Its in Niagara Falls on the American Side. My co-manager here at the ski/snowboard shop (Snow Ski and Board which is affiliated with your Ski Company) his wife is running it and turning it into a full snowboard and ski park with rails and jumps. It's going to be sick. We are having our first shop night up there on Sept 26th


----------



## nodaysoff (Dec 4, 2008)

Seems dope, i dont think they open to the public till October tho? id take the trip considering its 6 hours away, just not sure if its worth it, being that the season is just around the corner.


----------



## TeamSR (Apr 22, 2009)

nodaysoff said:


> Seems dope, i dont think they open to the public till October tho? id take the trip considering its 6 hours away, just not sure if its worth it, being that the season is just around the corner.
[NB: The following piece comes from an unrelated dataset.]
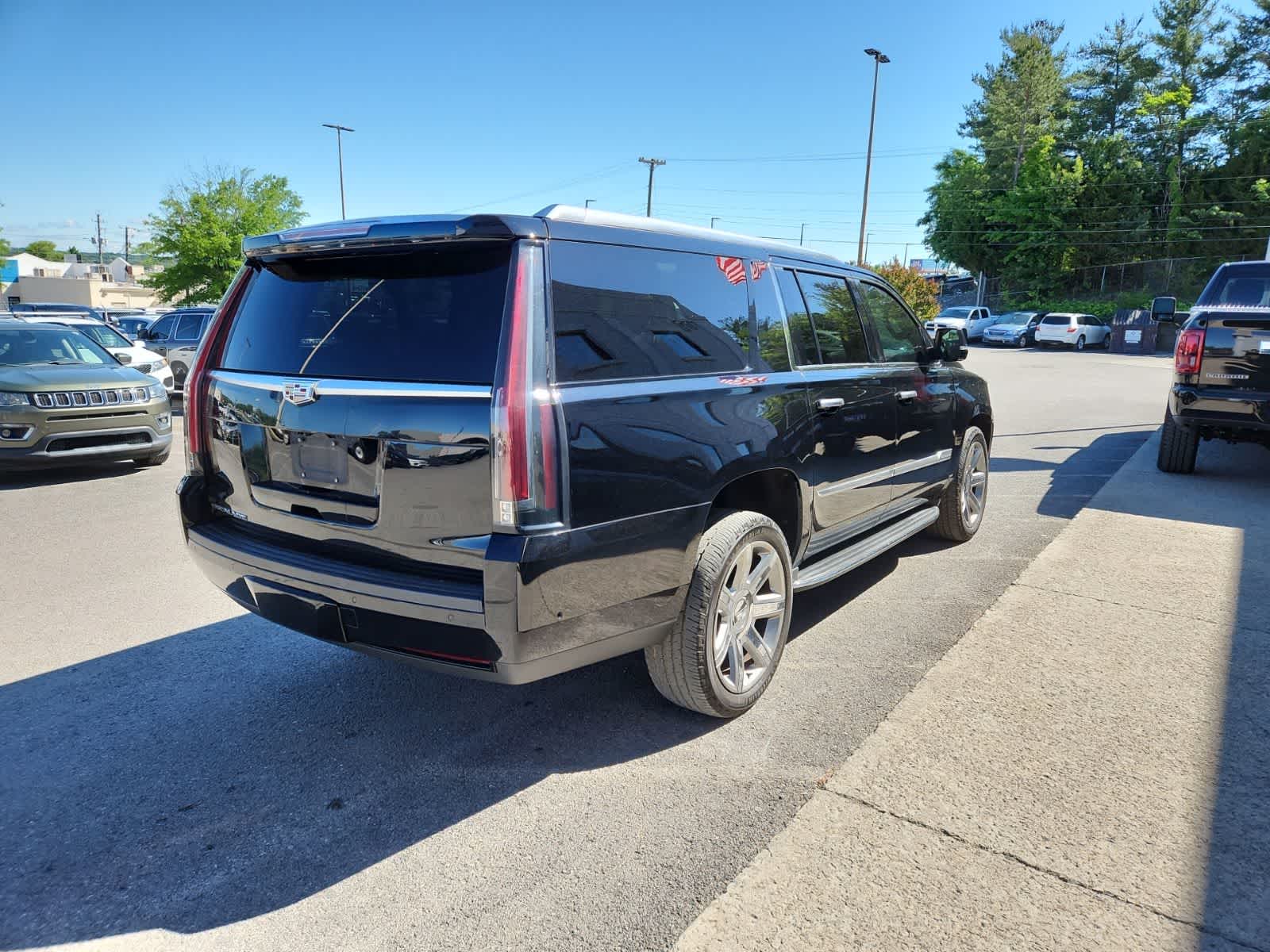 2019 Cadillac Escalade ESV Standard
October 1st is opening day to the public. And Yes, it is worth it. We did a red bull butter cup there this summer and it was awesome. It's pretty dope being able to ride in a t-shirt and not be cold at all. lol


----------



## nodaysoff (Dec 4, 2008)

lol im definitly gonna look into it, maybe get some bus tickets out there.


----------



## TeamSR (Apr 22, 2009)

Ya, you should def look into it if you can. I have been riding there all summer on a few of the boxes we have sitting around up there. It's been great.


----------



## nodaysoff (Dec 4, 2008)

Is there a small run on there at all or is it just park and tubing?


----------



## TeamSR (Apr 22, 2009)

nodaysoff said:


> Is there a small run on there at all or is it just park and tubing?
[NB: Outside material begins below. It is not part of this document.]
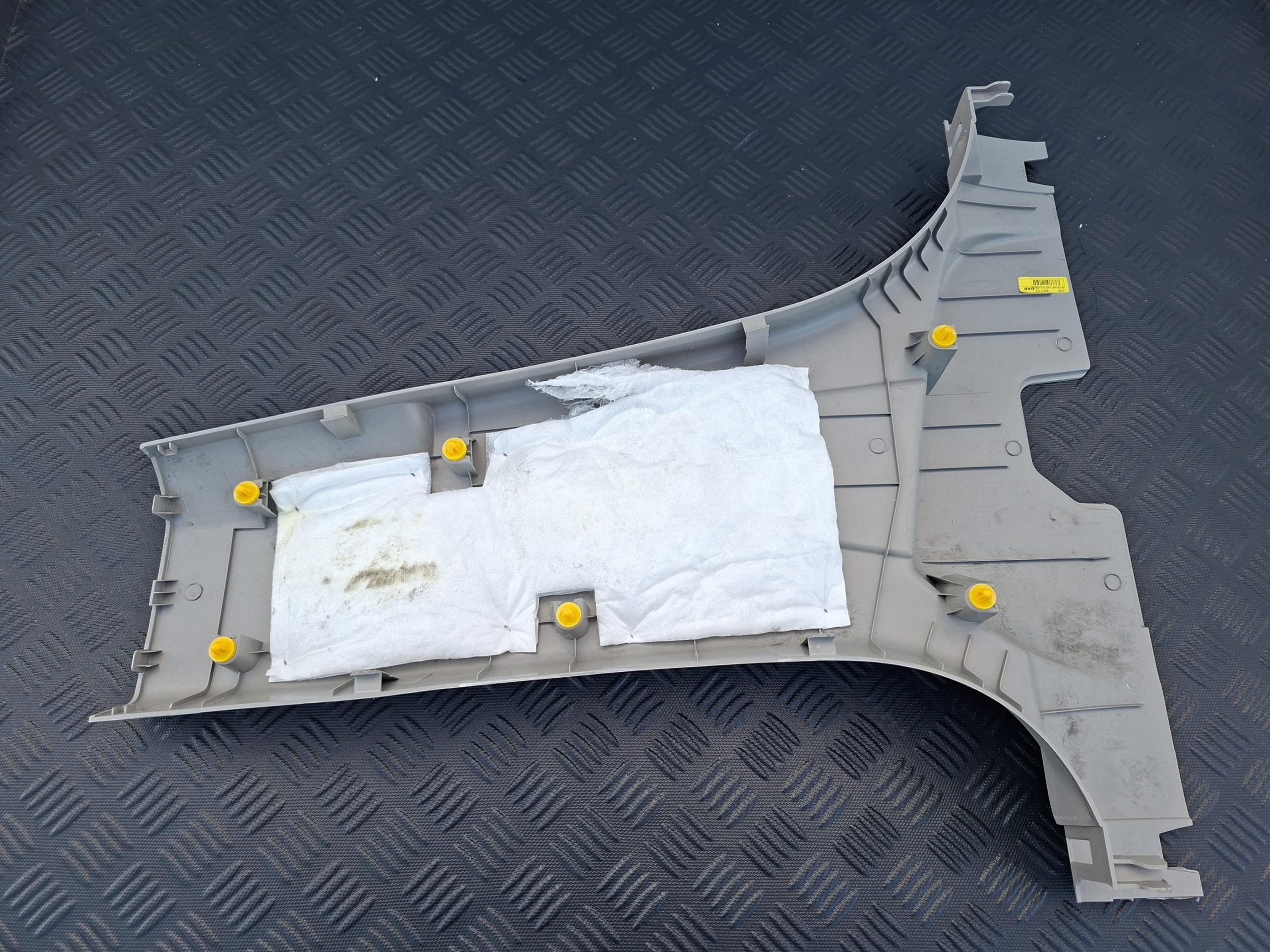 kryt sloupku B středního pravá SSANGYONG KORANDO IV 4 C300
It's just a park with a tubing section on the one side. I mean, you could easily avoid the rails and boxes and hits...But why would you? :laugh:


----------



## msmith222 (Mar 7, 2009)

anyone riding snowflex needs to take the time to adjust to it! i was at liberty snowflex a few weeks ago, and i discovered it is not the 90% feeling of snow they claim - more like 60%. anyway, VERY EASY to catch an edge, as evidenced by my concussion in the flats. yes, i have 15 years riding experience, and a simple edge catch with nothing around led to a concussion (also interesting because the slope is padded...)! wear your helmets, i was not!


----------



## deerpark30 (Jun 27, 2009)

:dunno:


TeamSR said:


> October 1st is opening day to the public. And Yes, it is worth it. We did a red bull butter cup there this summer and it was awesome. It's pretty dope being able to ride in a t-shirt and not be cold at all. lol


i thought that it opened to the public on aug 29>????? Atleast that is what the site says.:dunno:


----------



## nodaysoff (Dec 4, 2008)

yeah i know, lol. thanx for all the info :thumbsup:


----------



## TeamSR (Apr 22, 2009)

Right now the full park will be open on october 1st with all the rails and jumps.


----------



## deerpark30 (Jun 27, 2009)

ook so what is open now because i was going go down on saturday


----------



## Guest (Sep 3, 2009)

NYC is getting this thing called Xanadu. It's going to be a indoor slope, like the ones in Dubai.


----------



## BurtonAvenger (Aug 14, 2007)

I wouldn't hold your breath on Xanadu from what i heard funding dried up.


----------



## Guest (Sep 3, 2009)

BurtonAvenger said:


> I wouldn't hold your breath on Xanadu from what i heard funding dried up.


REally they just announced that things are moving forward and will open in 2010:dunno:


----------



## Glade Ripper (Nov 12, 2008)

Is the one in NY near Niagara Falls open now for public use? I'm itching to strap on a board and if it's open then I will be heading there soon


----------



## TeamSR (Apr 22, 2009)

As of right now it is just a hill with no hits or anything else. Oct 1st EVERYTHING will be there and ready to shred on.


----------